山下達郎、杉山清貴、竹内まりや、杏里たちから始まったシティ・ポップ

 今、ネオ・シティ・ポップという音楽が、20代、30代に人気があり、注目を集めている。

 まずはFM STATION onlineをご覧の方なら、シティ・ポップという音楽ジャンルはご存じだろう。1970年代~1980年代にかけて制作され流行した、AORやソウル、ソフトロックなどの洋楽に影響された音楽のことで、メロディは、それほど激しくかつ重くなく、聴き心地よく軽快で柔らかい、歌詞は洗練された都会の生活を綴っているという特徴を持っている。このジャンルにくくられる主なミュージシャンとしては、山下達郎、杉山清貴、杏里、竹内まりやなどがあげられる。

 現在シティ・ポップは、2020年に松原みきの1979年に発売された『真夜中のドア~Stay With Me』がSpotifyグローバルチャート18日連続世界1位を記録した影響で、国内だけでなく、海外からも再評価され、大人気となっている。再評価され始めた当初は、当時聴いていた人が懐かしさもあって支持したケースが多かったが、徐々に20代や30代の若者の間でも、メロディが美しく、オシャレな音楽として評価され、愛聴されるようになっている。
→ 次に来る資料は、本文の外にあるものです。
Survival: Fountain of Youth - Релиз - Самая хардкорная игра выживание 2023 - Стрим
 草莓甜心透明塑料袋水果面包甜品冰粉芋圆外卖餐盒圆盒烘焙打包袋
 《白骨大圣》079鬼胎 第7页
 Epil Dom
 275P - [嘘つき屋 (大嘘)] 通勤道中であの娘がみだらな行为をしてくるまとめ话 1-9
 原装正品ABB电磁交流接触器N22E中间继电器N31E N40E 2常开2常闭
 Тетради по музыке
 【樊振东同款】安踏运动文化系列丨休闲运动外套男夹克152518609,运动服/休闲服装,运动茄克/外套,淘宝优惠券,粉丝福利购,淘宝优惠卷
実際、シティ・ポップのCDやレコードが数多くそろう中古音源チェーン店のユニオンレコード新宿に行くと国内外の老若男女でとてもにぎわっている。

Vaundyやキタニタツヤなど人気アーティストがシティ・ポップに影響された楽曲を発表

 ここで話を戻し、ネオ・シティ・ポップ。これは、シティ・ポップに何らかの影響を受け、2010年以降にリリースされた音楽と定義づけられている。いずれも、当時の音楽から丸ごと影響されるのではなく、コンピュータ 使用による音数の増加や、90年代以降に人気がアップしたヒップホップの引用、今の社会にマッチした歌詞など現代版にアップグレードされたものになっているのが特徴だ。

 ネオ・シティ・ポップの面白いところは、ジャンク・フジヤマなどネオシティ・ポップとくくられるミュージシャンはいることはいるが、ジャンルというよりも要素として、シティ・ポップをメロディや歌詞に取り入れているアーティストが多いことだ。

 その代表と言えるのが、Vaundy(読み:バウンディ)だろう、ドラマ、アニメ、CMなどで数多くの曲が採用され、ヒット曲を連発し、今や日本を代表するアーティストになっている。その彼の代表曲の一つである『東京フラッシュ』なんてまさにネオ・シティ・ポップ。AOR調のメロディ、重なりあうムーディなコーラス、東京という単語が出てくるなど都会的な歌詞となっている。さらには『瞳惚れ』。さわやかなギターカッテイングに耳なじみの良いメロディになっている。

 彼だけではない、2023年のNHK紅白歌合戦に出場し、携わった音源のYouTube総再生回数は10億回以上というトップアーティストのキタニタツヤ。彼が紅白出場の際に歌った『青のすみか』、全体を聴くとそうでもないが、ボーカルのメロディラインだけをピックアップするとソウルフルなネオ・シティ・ポップだ。ネットで『青のすみか シティ・ポップ』と検索するとシティ・ポップ調にカバーした動画がいくつもアップされている。

  さらにNulbarich(読み:ナルバリッチ)。人気アニメ『ミギとダリ』のエンディング主題歌『Skyline』で知られ、海外でも多くのライブを行っているアーティストだ。最新曲『Floatin’』はブラックミュージックをベースにした口ずさみやすいメロディのネオ・シティ・ポップな曲だ。著者の個人的な感想だが、初めてを聴いたとき、アメリカのレジェンドバンド・TOTOが1982年に出したAORの名曲『アフリカ』を思い出してしまった。

 彼ら以外にも今やシティ・ポップの要素は人気のある若いアーティストの曲に取り入れられ、ネオ・シティ・ポップとなり、多くの人たちに愛聴されているのだ。